My appointment was scheduled for Thursday, September 29th- the first day of my school's fall break. The week before the appointment was a very rough week. Sunday night, we went to eat at Olive Garden and I was up ALL night with what I thought was extreme heartburn and pain in my upper right quadrant. I also started noticing that my urine was very orange in color when I went to the bathroom. I thought I just wasn't drinking enough water and told myself that I needed to add more water to my daily routine. On Tuesday night, I realized that I had suddenly developed cankles. I was so distraught! I knew that my ankles would swell during pregnancy, but I had no idea that it would be this soon! Looking back, I now know that all three of these were signs that I was developing preeclampsia/HELLP syndrome, but since it was my first pregnancy, I had no idea that these things weren't normal nor did I know that things were about to go from bad to worse.
The morning of the appointment, I put on a maternity shirt for the first (and only) time. I was so excited that I was finally showing enough to wear some of the maternity clothes I had bought. We waited in the waiting room for almost two hours before we were called back. While we waited, they brought me back to the lab for a urine sample and to take my blood pressure. The nurse noticed that my blood pressure was quite elevated and asked if I had had high blood pressure in the past. They also noticed that I had a lot of protein in my urine (which caused the orange color).
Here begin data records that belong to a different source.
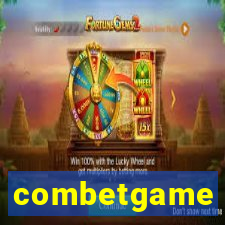 combetgame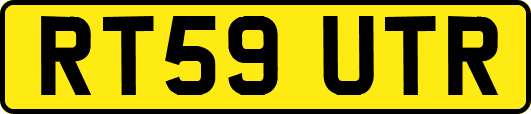 RT59UTR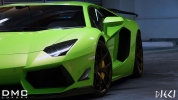lamborghini aventador dieci 3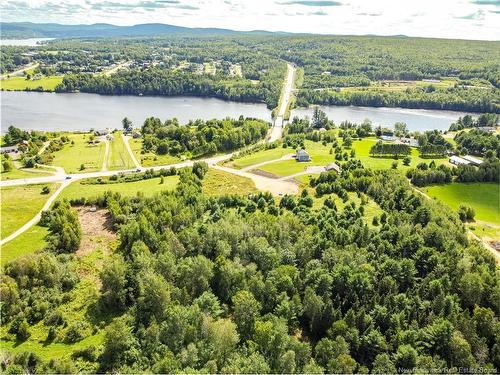 2017-04 River Bend Crt, Nackawic, NB 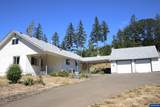 15881 Rock Creek Rd - Photo 3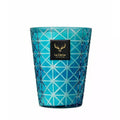 Cabana Scented Candles -2500g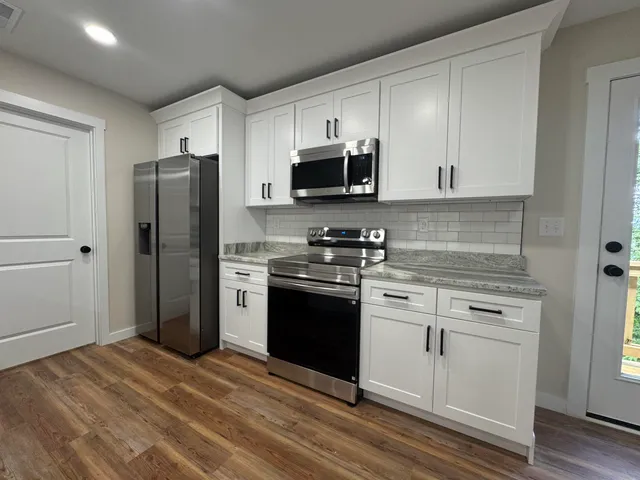 $275,000 | 2664 Harrison Pike, Chattanooga, TN 37406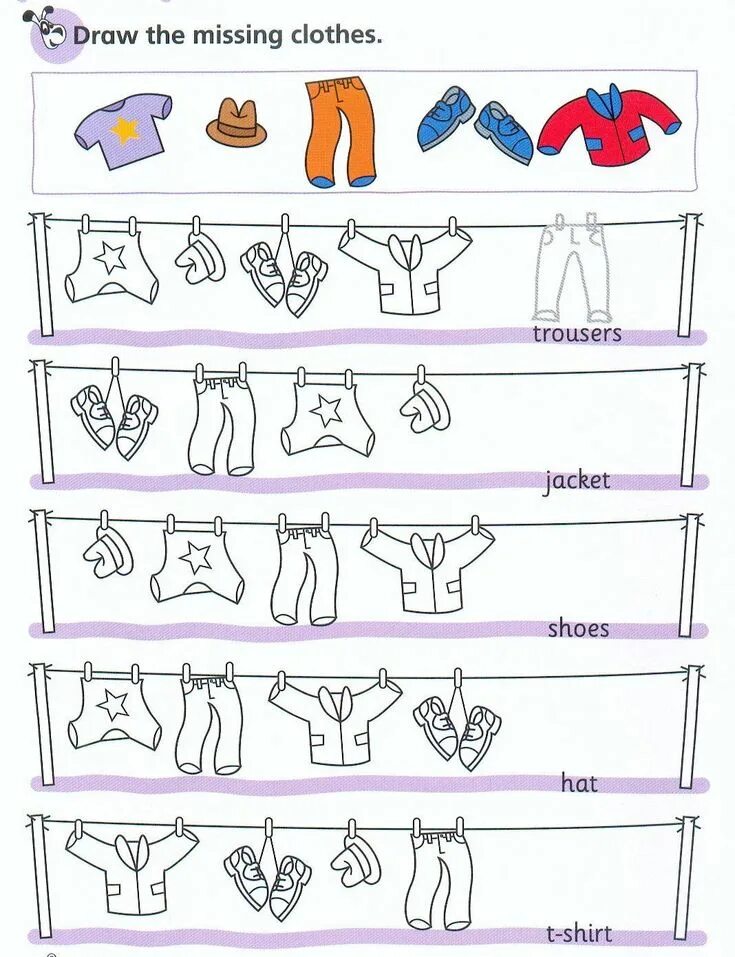 Clothes worksheets for kids. Одежда на английском для детей упражнения. Одежда на английском для детей задания. Английский для малышей одежда задания. Задания про одежду на английском языке для детей.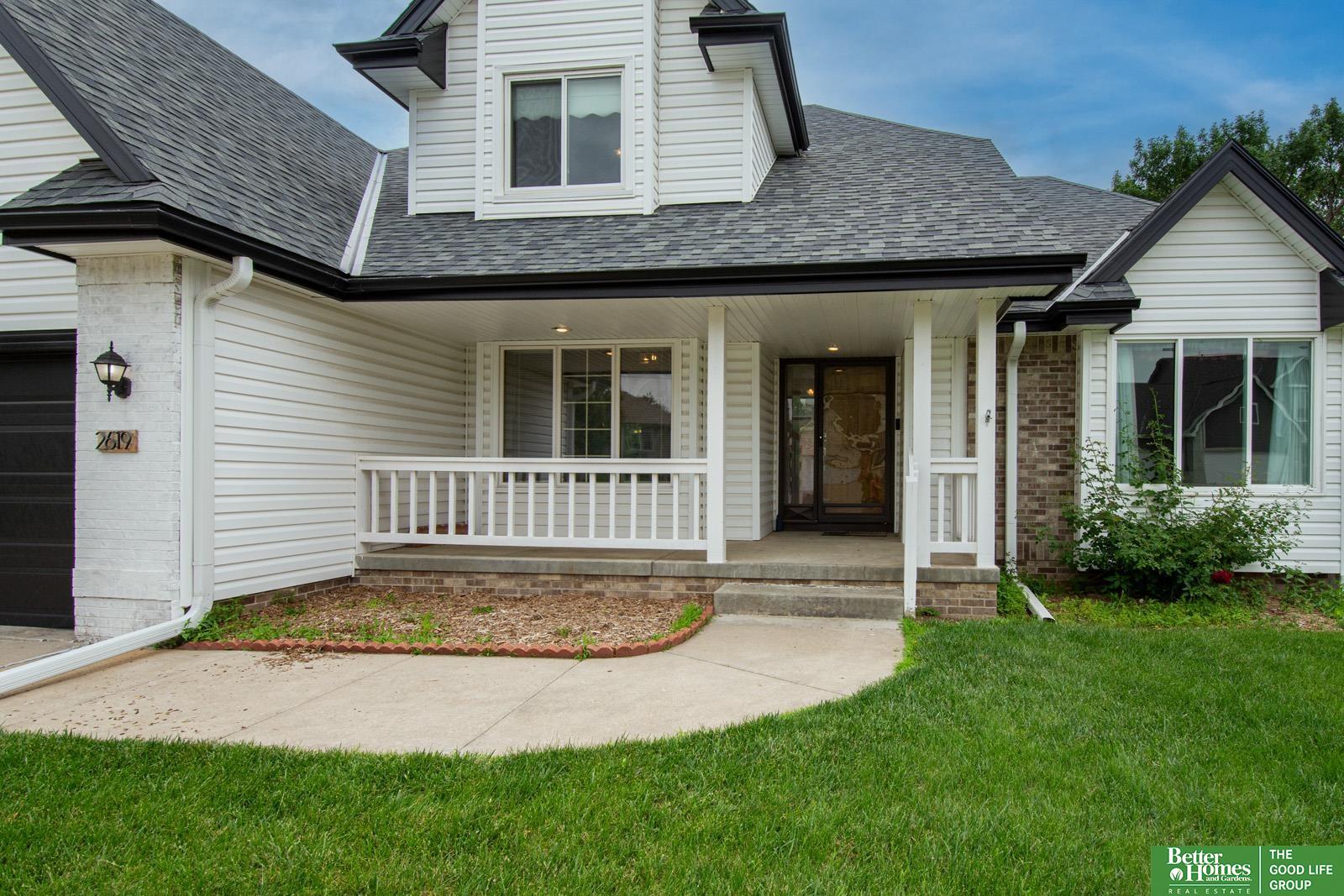 2619 N 155th Street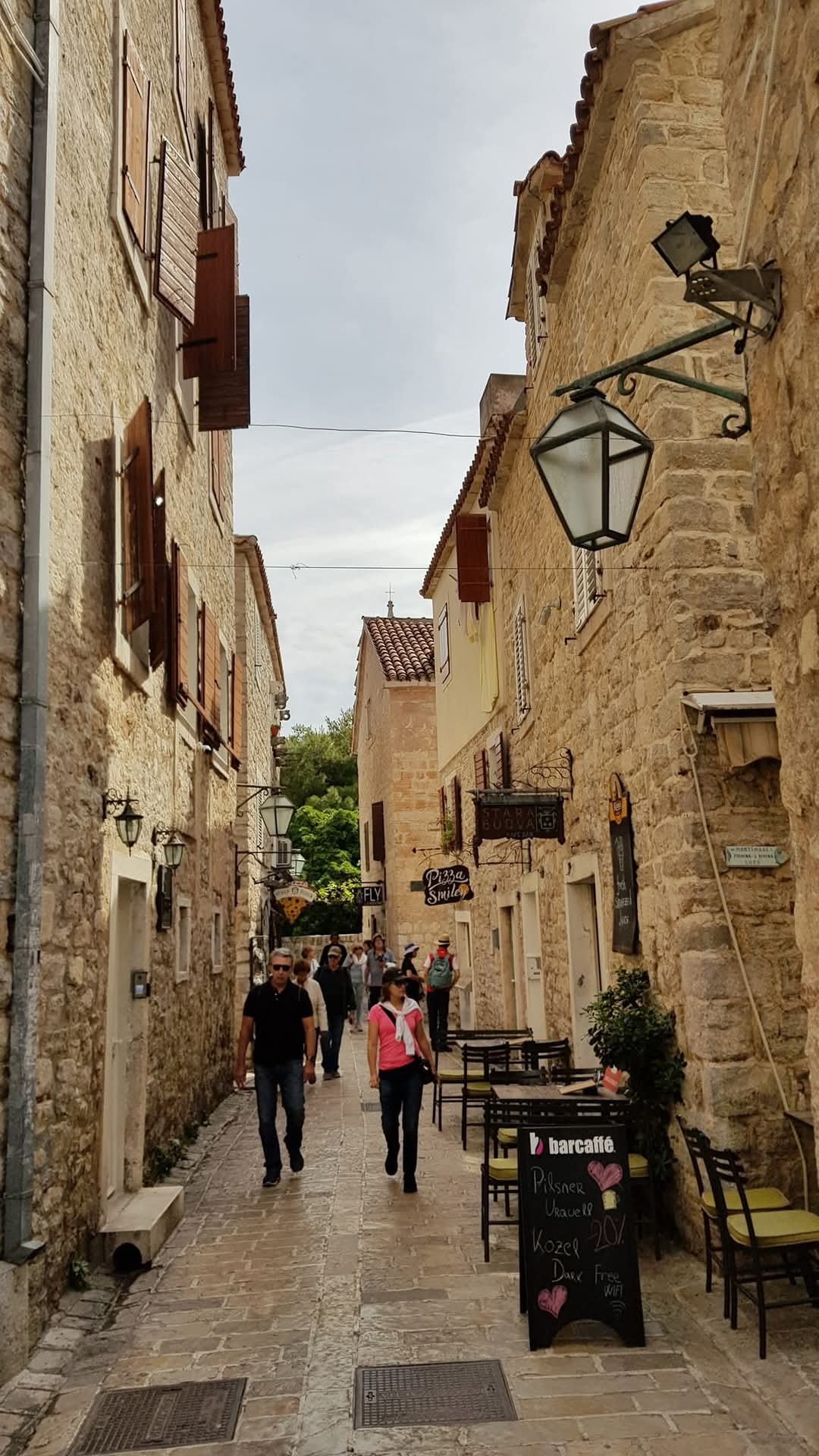 Budva 12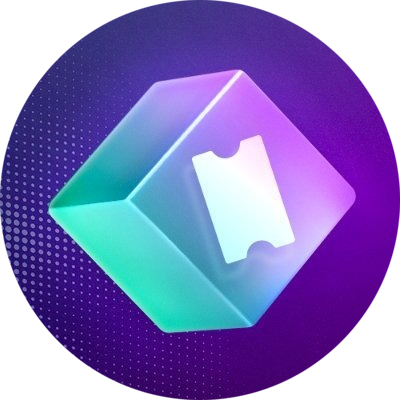 logo Ticket Finance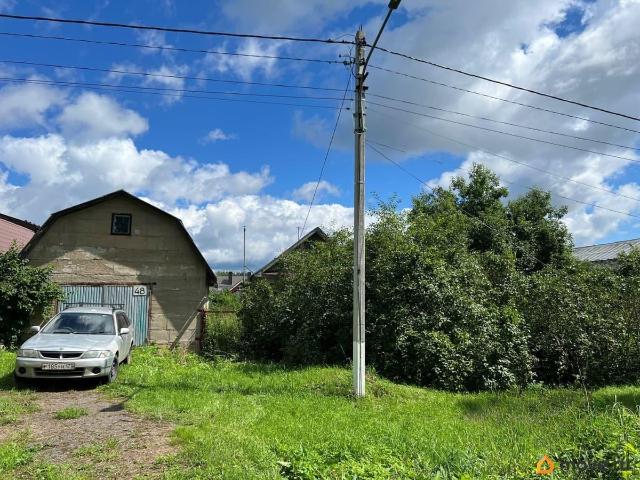 Дом продажа в Поварово, Кабардино-Балкарская Республика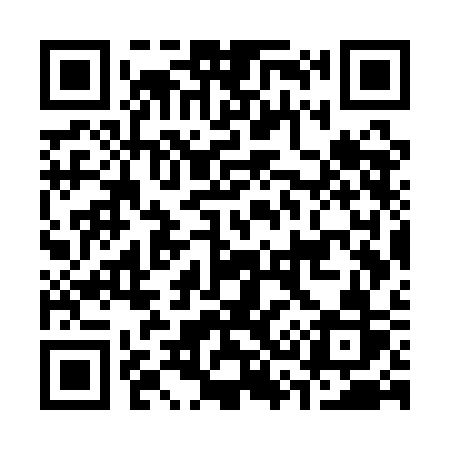 QR code for C37QCR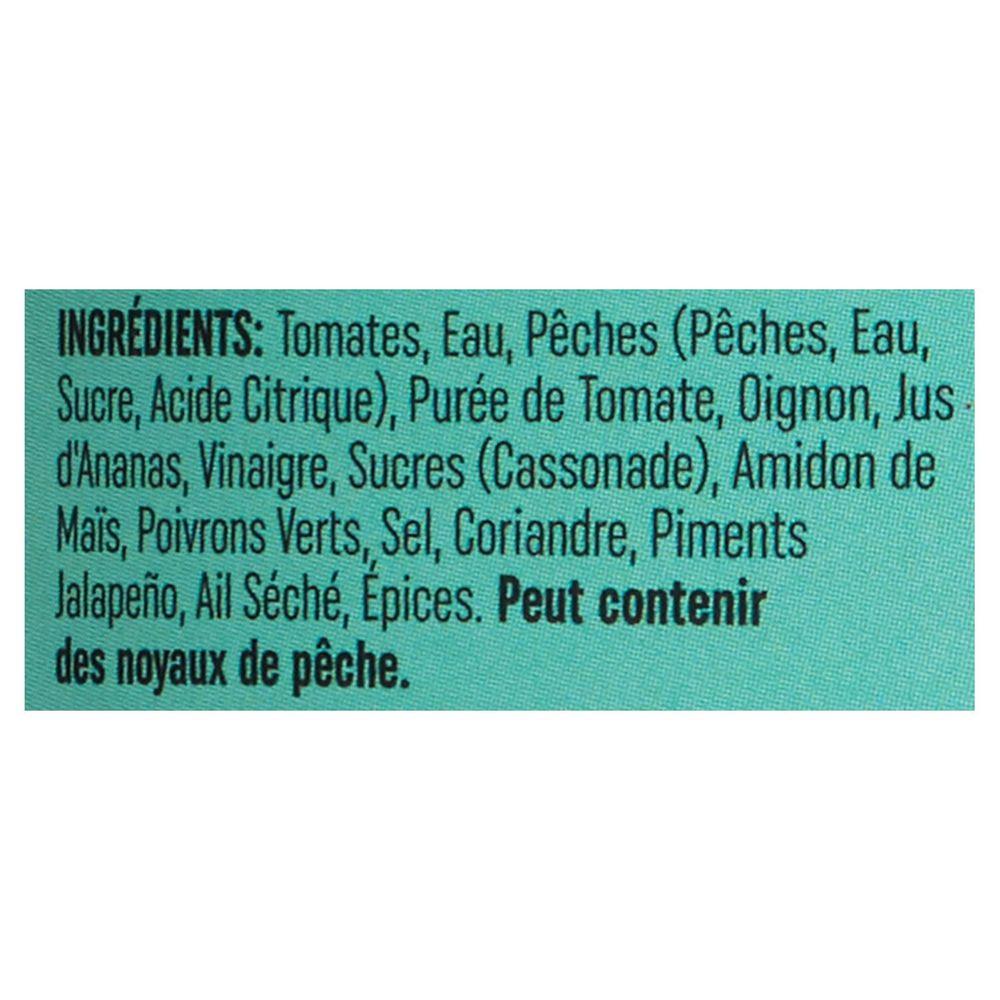 Product gallery 417517533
When it was finally time for our sonogram, the sonographer told me that she was going to take some initial measurements before Dr. Thigpen came in to finish the exam. Up until this point, I still was not anxious or worried that something was wrong. And then she started the sonogram. I think I realized when the sonographer worked for 15 minutes without saying a word that something wasn't right. And when I asked her if she could tell the baby's gender, she still said nothing.
She left the room without saying a word and a few minutes later, Dr. Thigpen walked in. He started his sonogram and within minutes started showing us things that didn't look right. Our baby had hydrocephalus (swelling in the brain), there was no septum formed between the chambers of the heart, and all other measurements were two weeks behind schedule. He suspected a genetic condition called triploidy but would have to do an amniocentesis to confirm what he was thinking. Cory and I had to decide right then what to do. We decided to go ahead with the procedure and within minutes I had a huge needle being stuck into my stomach. Dr. Thigpen was such a wonderful doctor. He had a great bed side manner and made us feel comfortable in the midst of our world falling apart right there in that room. He was honest but compassionate all at the same time.
The results of the amnio would not be back for several days, but Dr. Thigpen was very worried about my high blood pressure that had continued to rise during the appointment so he sent me over to the hospital for an hour of observation. During that hour, my blood pressure steadily rose to 190/120 and the swelling in my legs became so bad that Dr. Thigpen decided that we couldn't wait until the results of the amnio came back to make any decisions about the baby. He made the decision right then and there that I would be delivering our baby that day.